(Listed records)

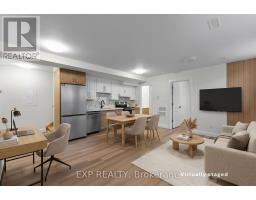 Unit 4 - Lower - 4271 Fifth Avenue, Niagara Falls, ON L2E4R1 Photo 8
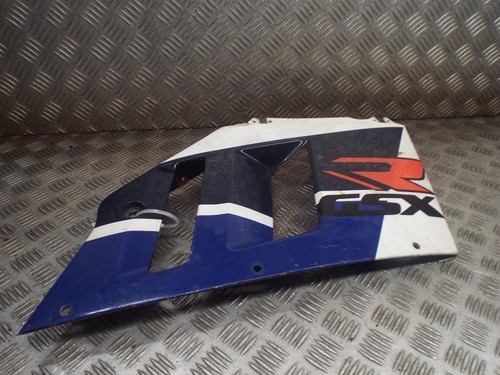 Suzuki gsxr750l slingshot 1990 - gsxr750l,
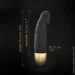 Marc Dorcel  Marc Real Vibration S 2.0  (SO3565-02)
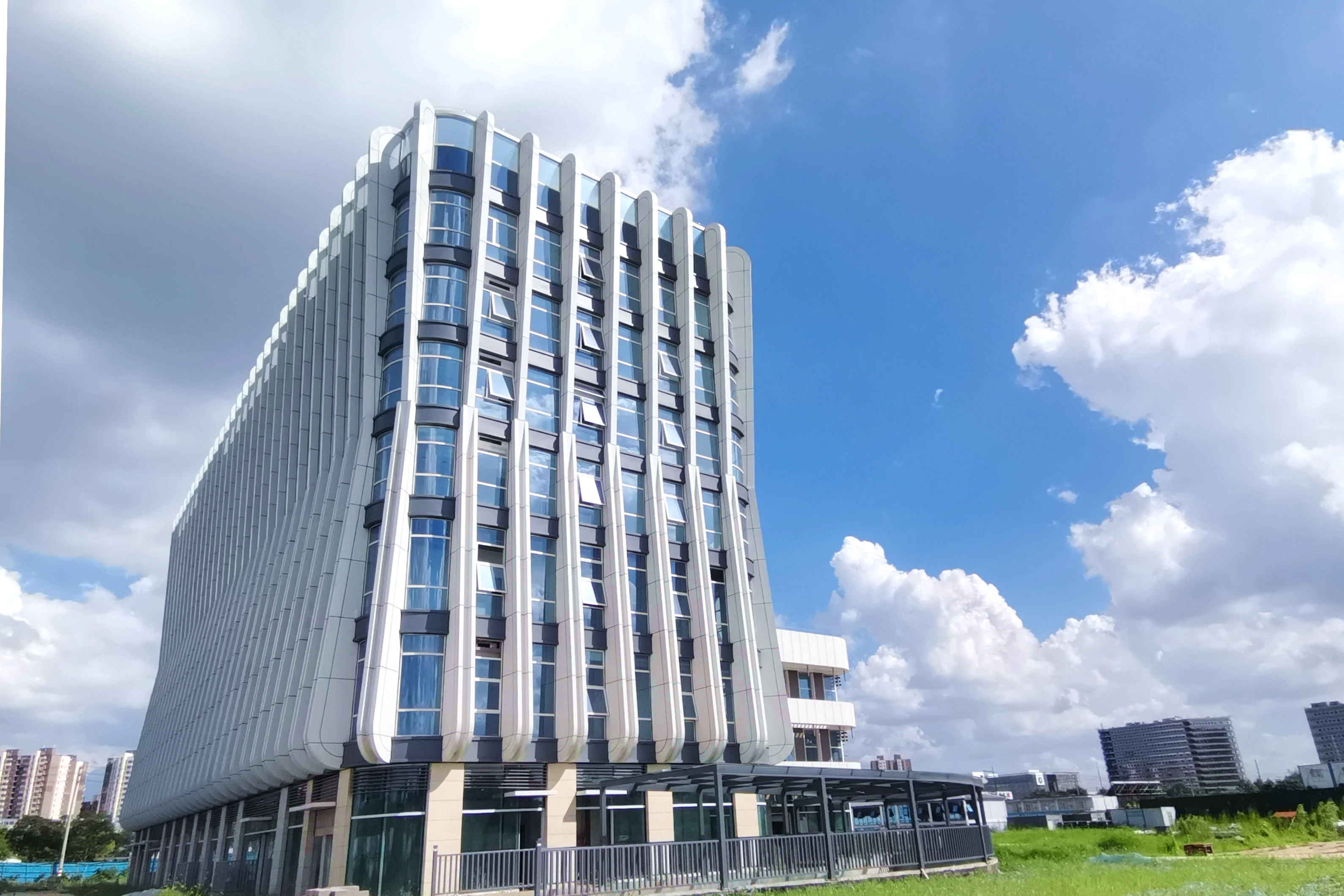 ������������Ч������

(End Listed records)
(Listed records)

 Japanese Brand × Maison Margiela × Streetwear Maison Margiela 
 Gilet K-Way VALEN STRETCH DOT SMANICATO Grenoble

(End Listed records)

* **About this exercise**:
Reproduce the entries above exactly, but only the lines between the line holding "Japanese Brand ×" and the line holding "Gilet K-Way VALEN", inclusive.

* **Solution for this task**:
 Japanese Brand × Maison Margiela × Streetwear Maison Margiela 
 Gilet K-Way VALEN STRETCH DOT SMANICATO Grenoble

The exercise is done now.